We have three papers accepted at the Seventh Italian Conference on Computational Linguistics, which will (hopefully) take place in Bologna in March 2021. Below a short description:
Hate Speech Detection with Machine-Translated Data: The Role of Annotation Scheme, Class Imbalance and Undersampling
by Camilla Casula and Sara Tonelli
While using machine-translated data for supervised training can alleviate data sparseness problems when dealing with less-resourced languages, it is important that the source data are not only correctly translated, but also follow the same annotation scheme and possibly class balance as the smaller dataset in the target language. We therefore present an evaluation of hate speech detection in Italian using machine-translated data from English and comparing three settings, in other to understand the impact of training size, class distribution and annotation scheme.
A Multimodal Dataset of Images and Text to Study Abusive Language
by Stefano Menini, Alessio Palmero Aprosio and Sara Tonelli
In this paper, we present a novel dataset composed of images and comments in Italian, created with teenagers in classes using a simulated scenario to raise awareness on cyberbullying phenomena. Potentially offensive comments have been collected for more than 1,000 images and manually assigned to a semantic category. Our analysis shows that the presence of human subjects, as well as the gender of the people present in the pictures trigger different types of comment, and provides novel insight into the connection between images posted on social media and offensive messages.
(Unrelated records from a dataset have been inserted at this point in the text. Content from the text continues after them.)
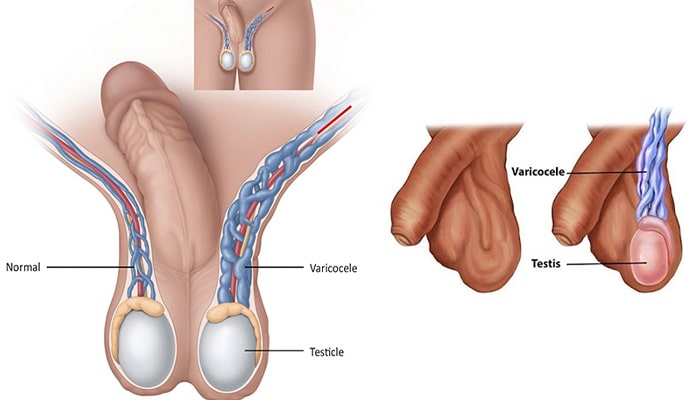 آیا واریکوسل بعث نابروری می شود 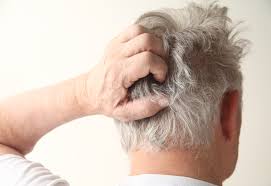 Most of the time, these d. How To Get Rid Of Hair Mites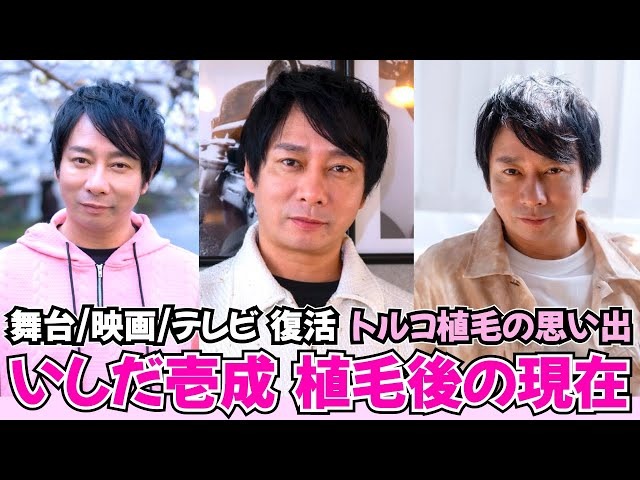 いしだ壱成さんが行った「自毛植毛」とその体験談　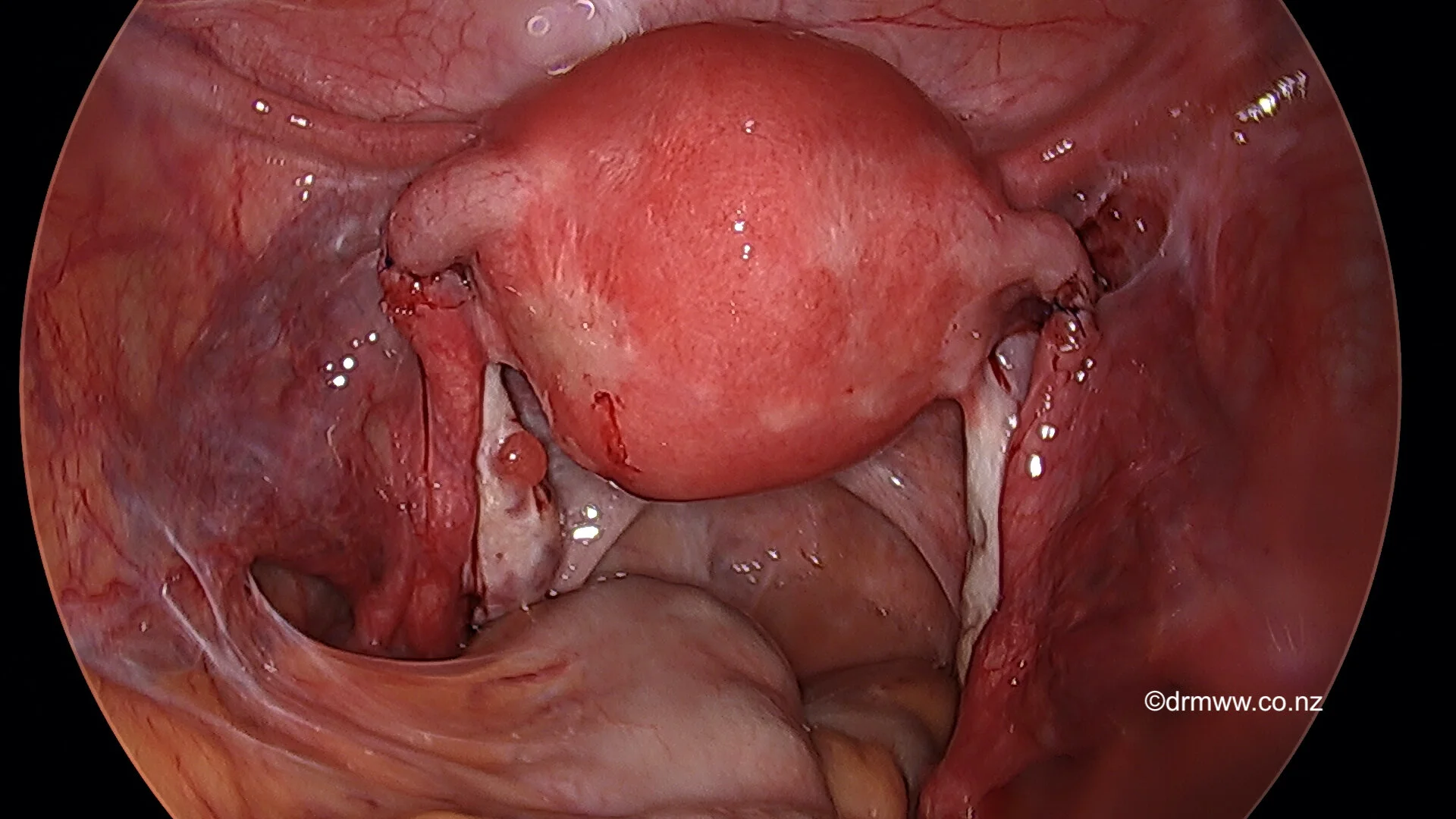 The Fallopian Tubes are rejoined after the Laparoscopic repair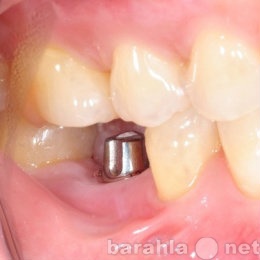 Предложение: Реставрация зуба.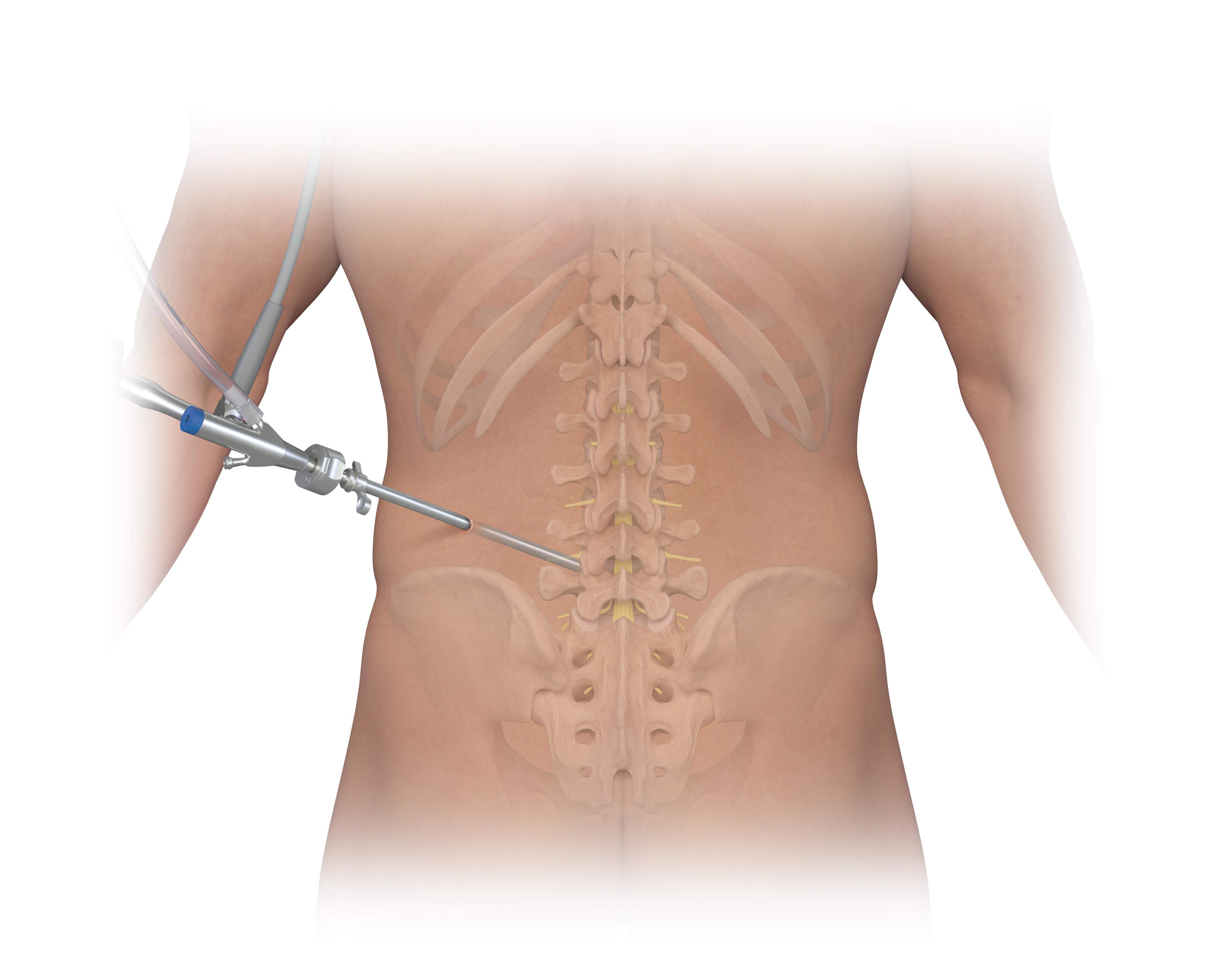 Illustration of a skeletal spine with an endoscope entering the spine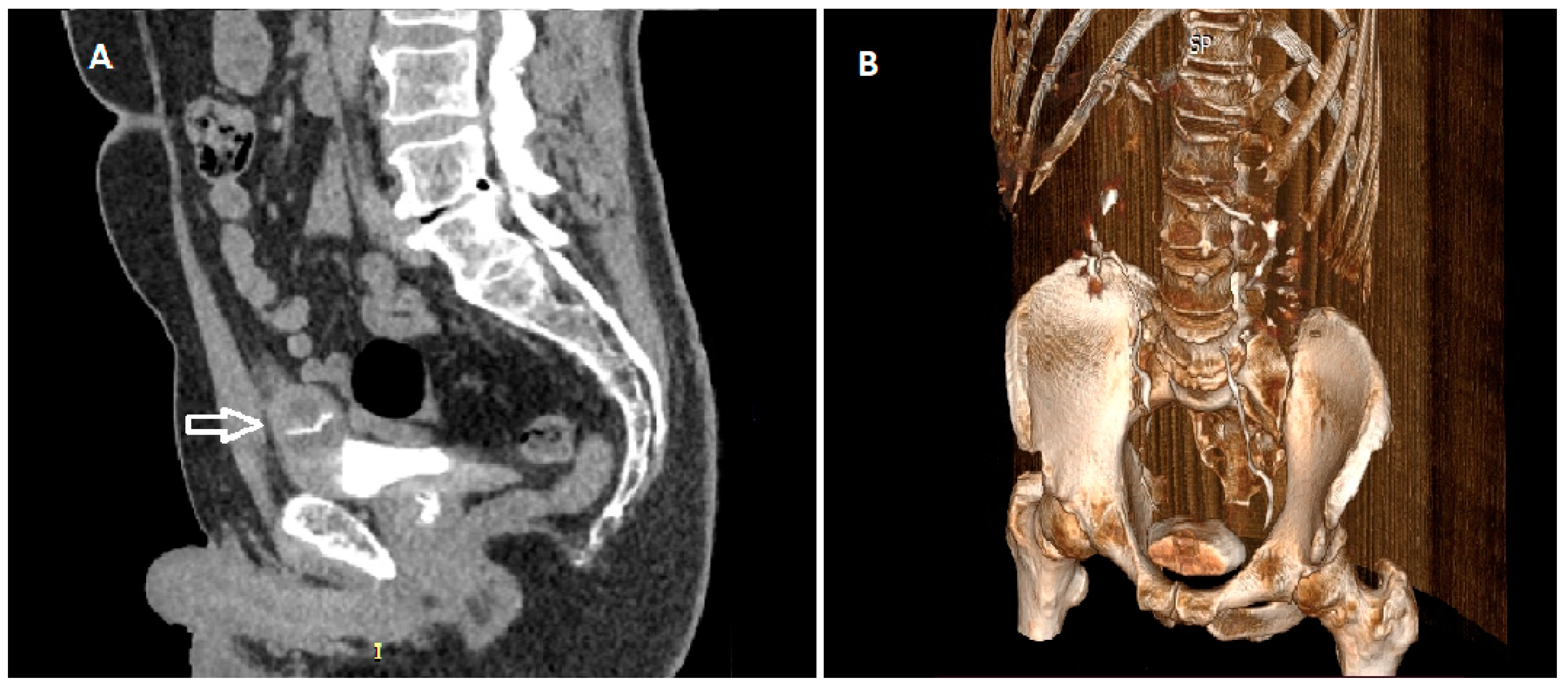 Medicina 59 00791 g002 Medicina 59 00791 g002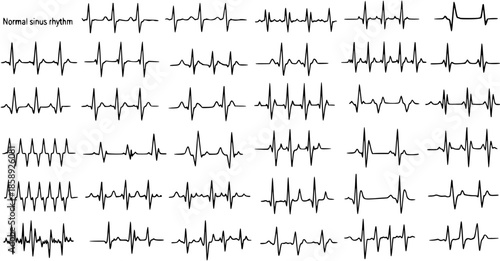 Electrocardiogram ECG Tracing Normal Sinus Rhythm Medical Line Art Vector Illustration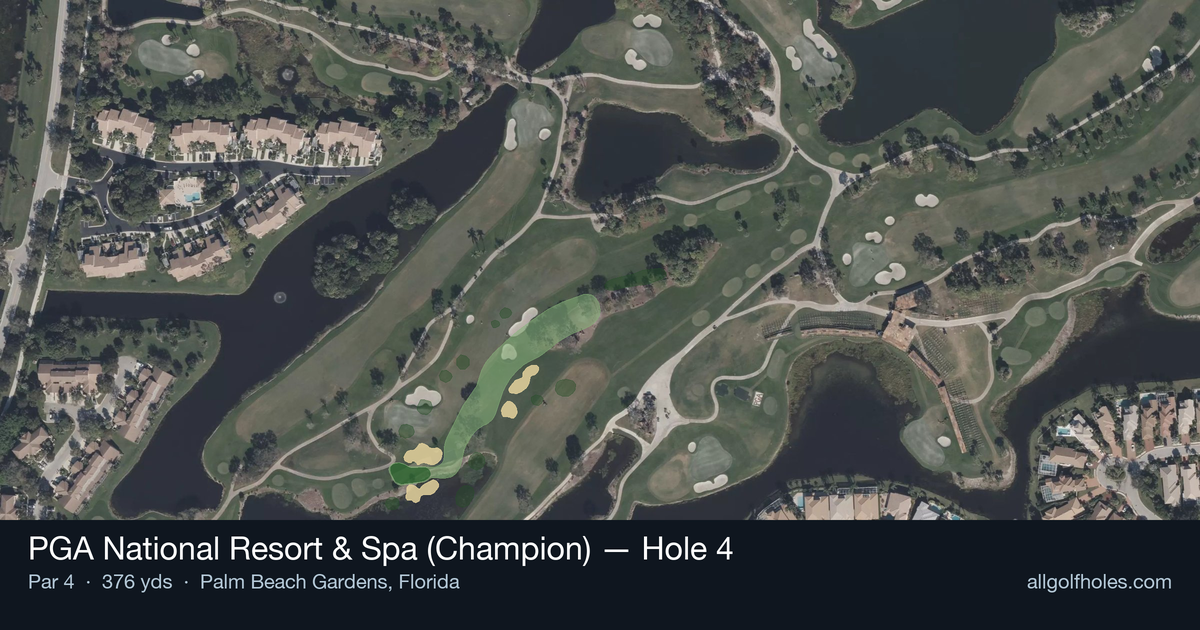 Hole 4 aerial at PGA National Resort & Spa (Champion)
The CREENDER Tool for Creating Multimodal Datasets of Images and Comments
by Alessio Palmero Aprosio, Stefano Menini and Sara Tonelli
While text-only datasets are widely produced and used for research purposes, limitations set by image-based social media platforms like Instagram make it difficult for researchers to experiment with multimodal data. We therefore developed CREENDER, an annotation tool to create multimodal datasets with images associated with semantic tags and comments, which we make freely available under Apache 2.0 license. The software has been extensively tested with school classes, allowing us to improve the tool and add useful features not planned in the first development phase.